I'm angry and emo for two simple reasons:

1) My Dad and my older sister keep bugging me about this crap coursework deadline that I was supposed to do over the summer. Yes, I know that universoty life is important into work and play, BUT that doesn't mean they should peek into my problem, aside from the "£3000" tution fee excuse.

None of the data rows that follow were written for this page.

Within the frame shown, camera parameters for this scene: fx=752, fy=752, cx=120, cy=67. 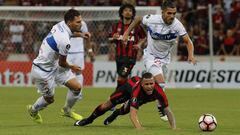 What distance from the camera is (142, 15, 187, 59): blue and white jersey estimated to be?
13719 millimetres

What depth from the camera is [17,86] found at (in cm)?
2498

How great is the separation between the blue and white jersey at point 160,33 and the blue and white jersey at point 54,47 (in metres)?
1.75

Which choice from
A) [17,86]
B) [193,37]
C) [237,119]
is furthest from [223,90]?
[237,119]

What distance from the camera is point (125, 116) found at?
15078 mm

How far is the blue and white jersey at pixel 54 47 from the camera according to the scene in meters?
12.6

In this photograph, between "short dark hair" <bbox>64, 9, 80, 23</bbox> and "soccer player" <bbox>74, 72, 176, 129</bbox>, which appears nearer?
"soccer player" <bbox>74, 72, 176, 129</bbox>

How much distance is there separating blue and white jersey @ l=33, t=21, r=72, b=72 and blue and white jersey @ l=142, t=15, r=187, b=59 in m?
1.75

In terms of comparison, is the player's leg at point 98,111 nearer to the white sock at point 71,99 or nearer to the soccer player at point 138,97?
the soccer player at point 138,97

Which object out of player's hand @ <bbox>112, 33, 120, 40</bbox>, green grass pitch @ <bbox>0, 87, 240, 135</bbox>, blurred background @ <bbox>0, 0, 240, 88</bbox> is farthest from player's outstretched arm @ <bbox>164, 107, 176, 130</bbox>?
blurred background @ <bbox>0, 0, 240, 88</bbox>

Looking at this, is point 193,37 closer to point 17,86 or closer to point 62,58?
point 17,86

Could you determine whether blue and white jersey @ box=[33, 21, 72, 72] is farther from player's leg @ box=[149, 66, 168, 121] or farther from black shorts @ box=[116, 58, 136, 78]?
black shorts @ box=[116, 58, 136, 78]

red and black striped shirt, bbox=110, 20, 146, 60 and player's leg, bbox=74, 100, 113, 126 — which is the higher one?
red and black striped shirt, bbox=110, 20, 146, 60

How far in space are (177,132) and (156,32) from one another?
2.85 metres

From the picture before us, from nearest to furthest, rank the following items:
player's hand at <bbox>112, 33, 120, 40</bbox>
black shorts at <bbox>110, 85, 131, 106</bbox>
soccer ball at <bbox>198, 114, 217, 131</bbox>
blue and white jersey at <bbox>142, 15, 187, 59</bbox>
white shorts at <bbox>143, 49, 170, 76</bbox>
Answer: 1. soccer ball at <bbox>198, 114, 217, 131</bbox>
2. black shorts at <bbox>110, 85, 131, 106</bbox>
3. blue and white jersey at <bbox>142, 15, 187, 59</bbox>
4. white shorts at <bbox>143, 49, 170, 76</bbox>
5. player's hand at <bbox>112, 33, 120, 40</bbox> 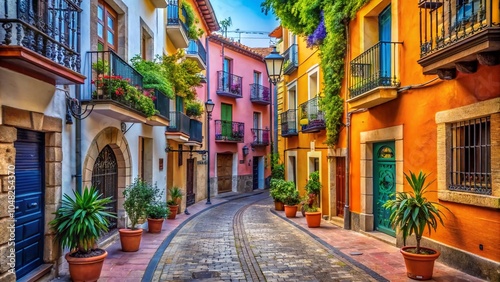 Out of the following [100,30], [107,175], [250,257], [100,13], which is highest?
[100,13]

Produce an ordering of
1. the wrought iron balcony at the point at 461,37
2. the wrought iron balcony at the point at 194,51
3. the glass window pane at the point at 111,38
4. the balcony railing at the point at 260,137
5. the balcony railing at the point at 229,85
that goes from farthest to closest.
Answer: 1. the balcony railing at the point at 260,137
2. the balcony railing at the point at 229,85
3. the wrought iron balcony at the point at 194,51
4. the glass window pane at the point at 111,38
5. the wrought iron balcony at the point at 461,37

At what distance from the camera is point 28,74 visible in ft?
18.3

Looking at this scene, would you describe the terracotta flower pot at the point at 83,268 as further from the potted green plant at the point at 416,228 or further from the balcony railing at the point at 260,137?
the balcony railing at the point at 260,137

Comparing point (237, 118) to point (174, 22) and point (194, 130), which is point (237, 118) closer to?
point (194, 130)

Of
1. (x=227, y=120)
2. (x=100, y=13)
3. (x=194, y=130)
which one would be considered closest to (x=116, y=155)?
(x=100, y=13)

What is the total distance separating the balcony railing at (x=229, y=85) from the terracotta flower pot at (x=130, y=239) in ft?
59.0

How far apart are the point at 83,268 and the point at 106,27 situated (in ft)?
19.0

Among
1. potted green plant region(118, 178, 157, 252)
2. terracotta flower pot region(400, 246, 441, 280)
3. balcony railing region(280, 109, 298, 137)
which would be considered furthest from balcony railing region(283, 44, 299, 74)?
terracotta flower pot region(400, 246, 441, 280)

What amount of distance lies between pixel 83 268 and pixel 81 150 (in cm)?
234

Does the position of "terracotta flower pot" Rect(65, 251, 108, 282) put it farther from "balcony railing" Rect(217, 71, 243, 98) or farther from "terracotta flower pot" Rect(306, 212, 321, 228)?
"balcony railing" Rect(217, 71, 243, 98)

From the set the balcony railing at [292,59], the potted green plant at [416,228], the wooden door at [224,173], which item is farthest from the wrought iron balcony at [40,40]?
the wooden door at [224,173]

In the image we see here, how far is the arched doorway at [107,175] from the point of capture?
362 inches

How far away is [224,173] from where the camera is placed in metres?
27.2

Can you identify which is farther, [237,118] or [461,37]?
[237,118] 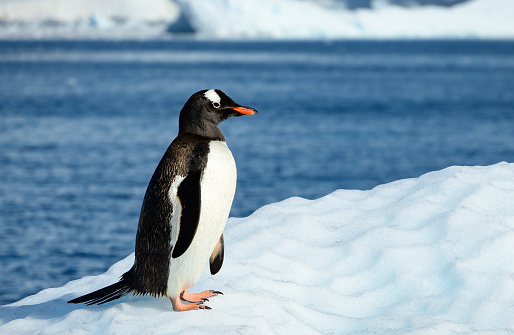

I just wish my tutor should have given the whole class a better assignment, because robots and futuristic stuff are NOT sort of my cup of tea.

AND

2) That horrible 'Middle-Child-Peer-Pressure' syndrome that got me into emotionally stressful and at times, really depressing and emo. Let me explain: Ever since when I was eight or so, I didn't know that I had to SATs, meaning I was a happy child, until at the tender age of ten that when I found out that I was going to the same grammar school as my older sister, who I shall call her CQ. And then, I never forgave my Dad onwards, because during the summer, that old bastard kept bombing me with those English, Maths and Verbal Reasoning test papers all in one go and my childhood days of being a cheerful one soon ended, because of him. Then, there's the 11-year-old SATs and this is where I started to loathe the tests more in the coming years.

By the time I got accepted into a Grammar School (which is full of snobby type boys that I'll never go out on a date with them), I got depressed that some of the people, including my cousin, are cleverer than me and I thought whether I shouldn't have passed the entrance exam and pleased my Dad.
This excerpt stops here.